◆ What you need to do ◆
Go to the line holding "Guided Notebook for" in the data below and repeat it exactly, then each line after it up to and including the one holding "Cover of What's So Great about You?". Omit pictures.

◆ Web page caption snippets ◆
■ ■ ■ ■
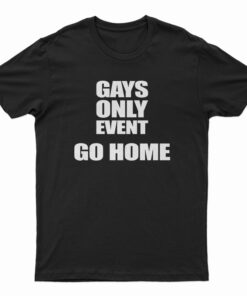 Gays Only Event Go Home T-Shirt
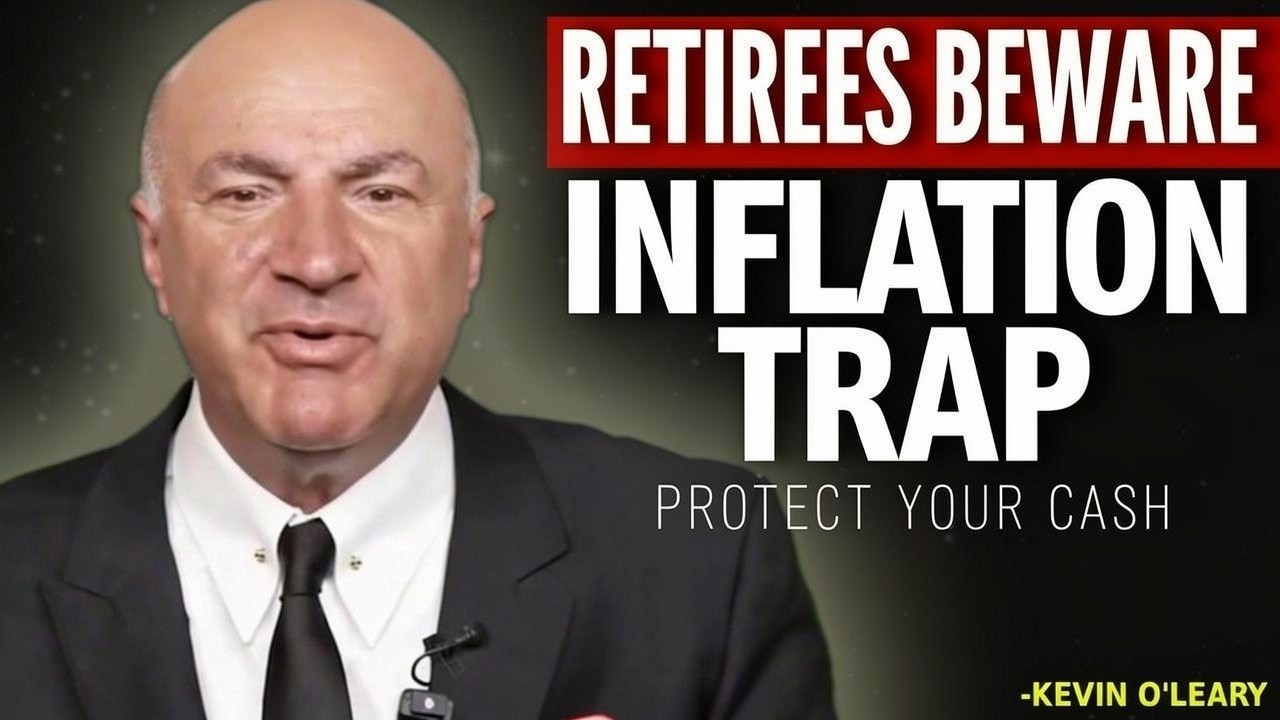 Kevin O’Leary  Retirees Are Getting Crushed by Inflation in 2026 Do This Instead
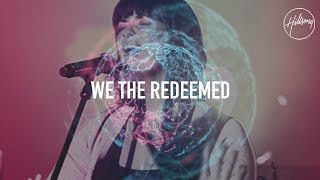 We The Redeemed  Hillsong Worship [upl. by Ayk301]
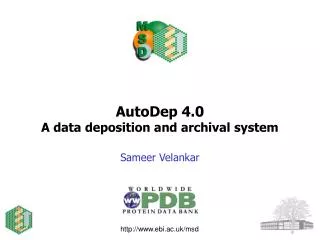 AutoDep 4.0 A data deposition and archival system Sameer Velankar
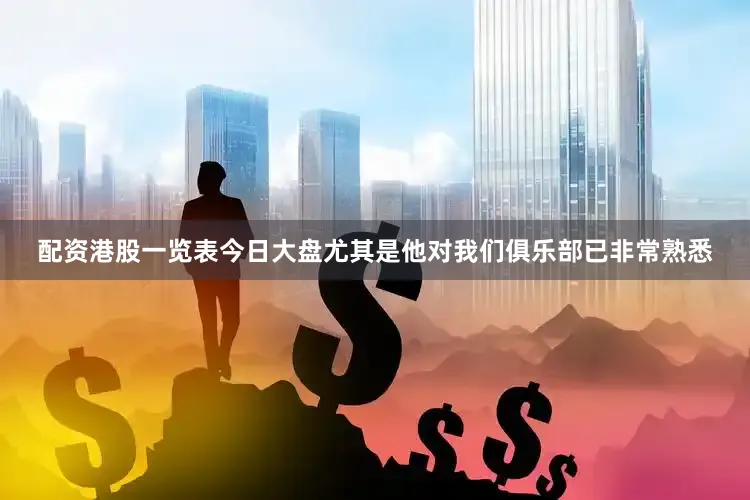 配资港股一览表今日大盘尤其是他对我们俱乐部已非常熟悉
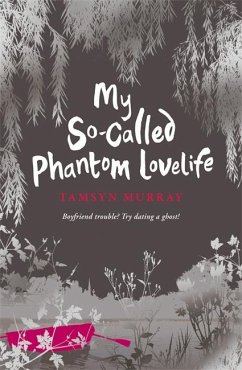 My So-Called Phantom Lovelife - Murray, Tamsyn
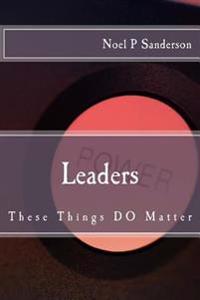 Leaders: These Things Matter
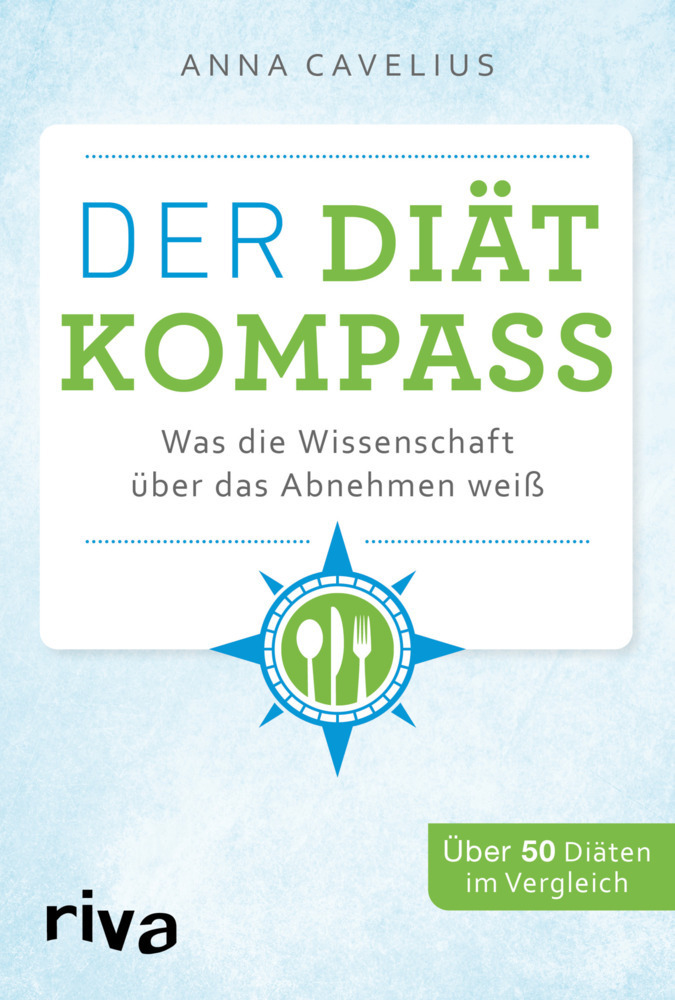 Cover: 9783742309143 | Der Diätkompass | Anna Cavelius | Taschenbuch | Deutsch | 2020 | Riva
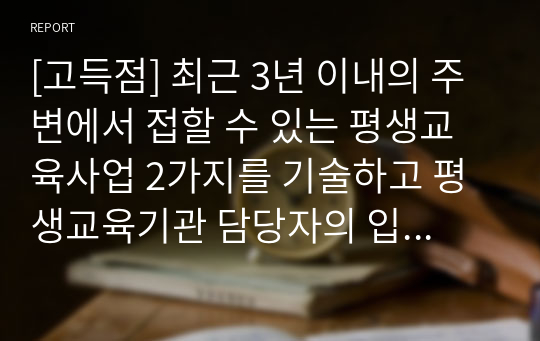 [고득점] 최근 3년 이내의 주변에서 접할 수 있는 평생교육사업 2가지를 기술하고 평생교육기관 담당자의 입장에서 기관 적용방안 및 실행계획을 제시하세요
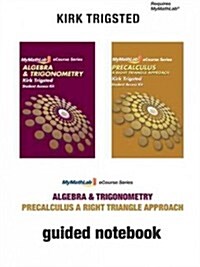 Guided Notebook for Trigsted Algebra & Trigonometry/Precalculus: A Right Triangle Approach (Loose Leaf)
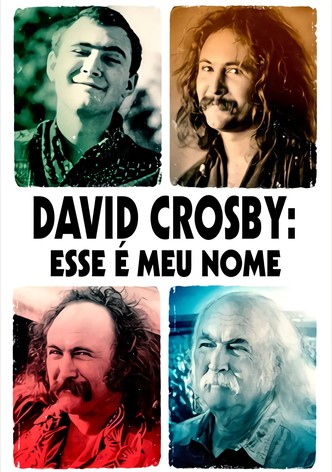 David Crosby: Esse É Meu Nome (Legendado)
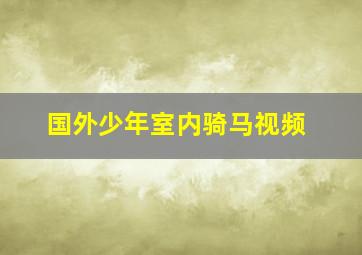 国外少年室内骑马视频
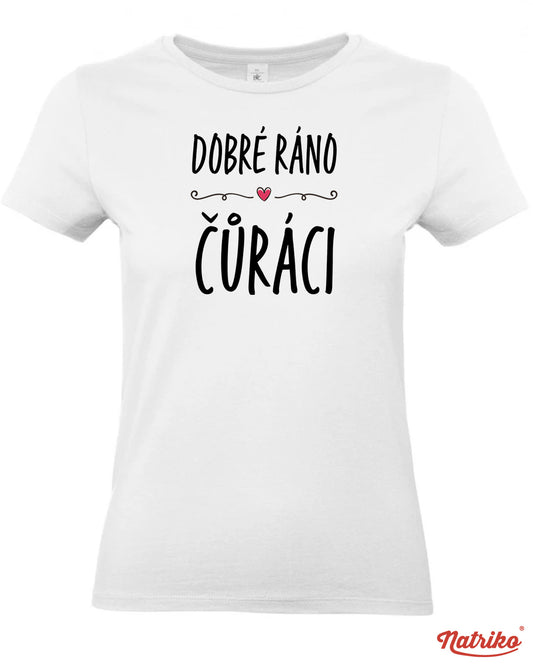 Dámské tričko s potiskem Dobré ráno čůráci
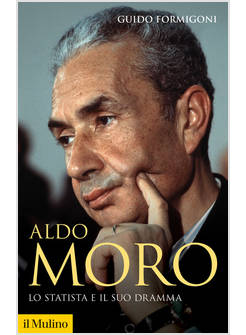 ALDO MORO LO STATISTA E IL SUO DRAMMA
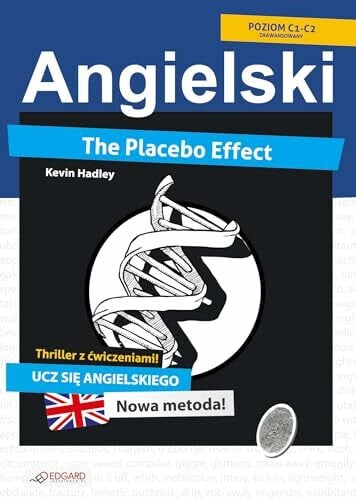 Kevin Hadley Angielski. The Placebo Effect. Thriller z cwiczeniami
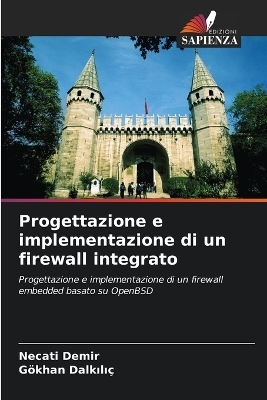 Progettazione e implementazione di un firewall integrato - Necati Demir, G&ouml;khan Dalkılı&ccedil;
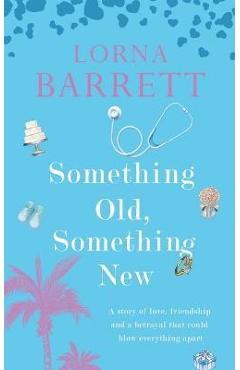 Poza produsului Something Old, Something New - Lorna Barrett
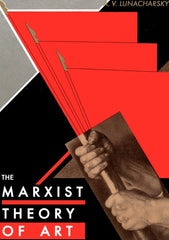 The Marxist Theory of Art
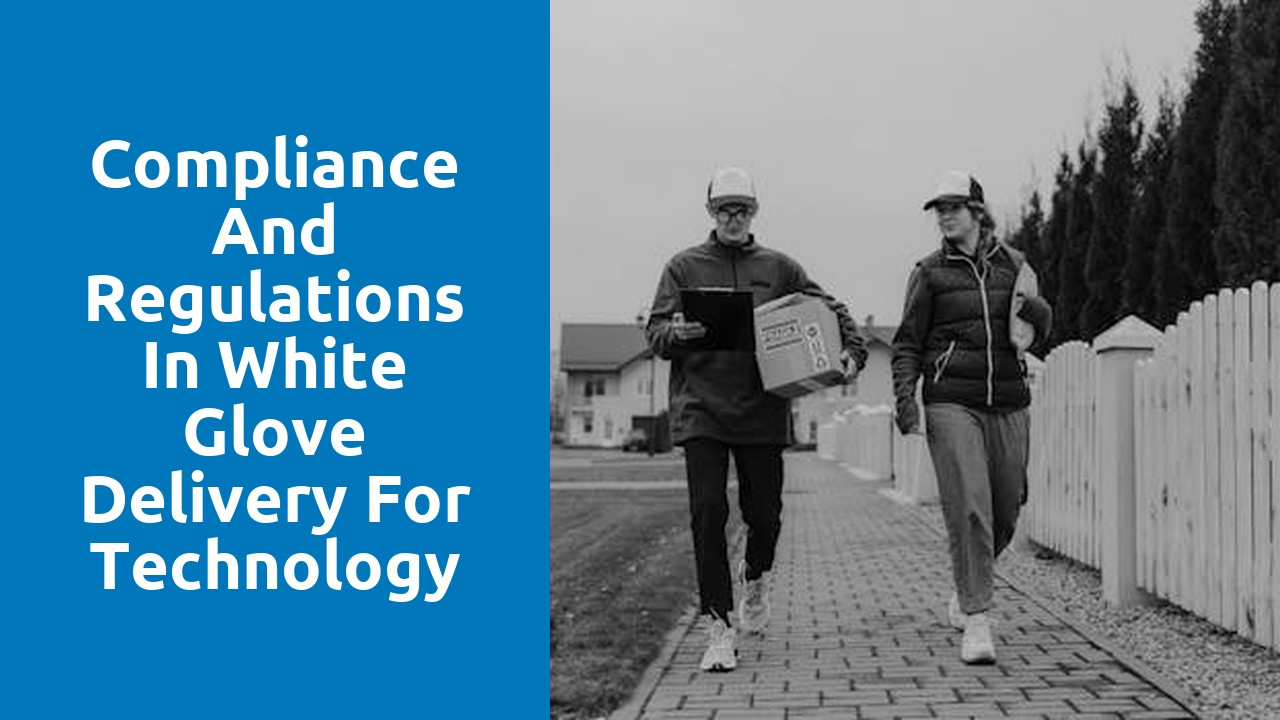 Compliance and Regulations in White Glove Delivery for Technology Products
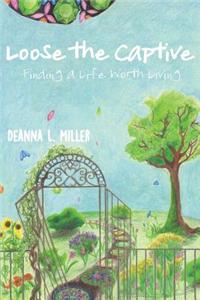 Loose the Captive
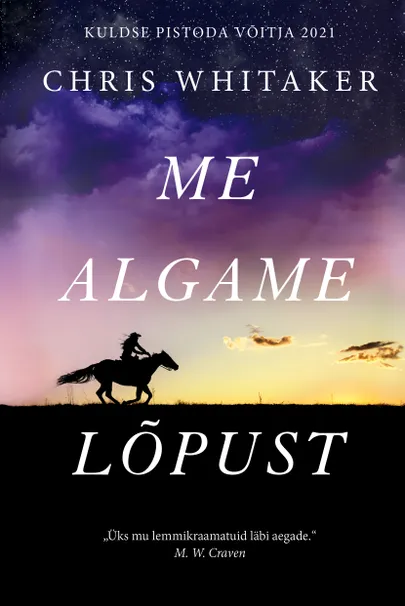 Chris Whitaker, «Me algame lõpust».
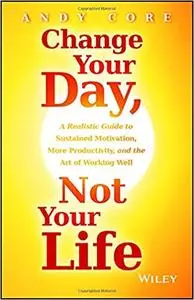 Change Your Day, Not Your Life: A Realistic Guide to Sustained Motivation, More Productivity and the Art Of Working Well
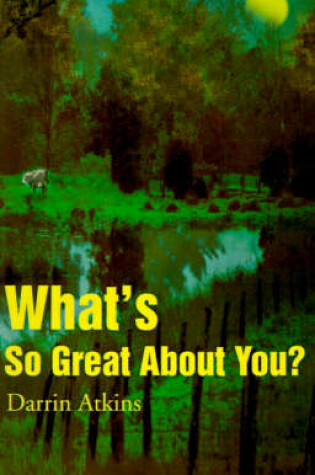 Cover of What's So Great about You?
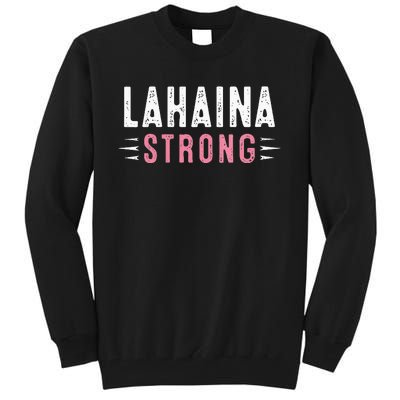 Lahaina Strong Tall Sweatshirt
■ ■ ■ ■
◆ The answer ◆
 Guided Notebook for Trigsted Algebra & Trigonometry/Precalculus: A Right Triangle Approach (Loose Leaf)
 David Crosby: Esse É Meu Nome (Legendado)
 国外少年室内骑马视频
 Dámské tričko s potiskem Dobré ráno čůráci
 ALDO MORO LO STATISTA E IL SUO DRAMMA
 Kevin Hadley Angielski. The Placebo Effect. Thriller z cwiczeniami
 Progettazione e implementazione di un firewall integrato - Necati Demir, G&ouml;khan Dalkılı&ccedil;
 Poza produsului Something Old, Something New - Lorna Barrett
 The Marxist Theory of Art
 Compliance and Regulations in White Glove Delivery for Technology Products
 Loose the Captive
 Chris Whitaker, «Me algame lõpust».
 Change Your Day, Not Your Life: A Realistic Guide to Sustained Motivation, More Productivity and the Art Of Working Well
 Cover of What's So Great about You?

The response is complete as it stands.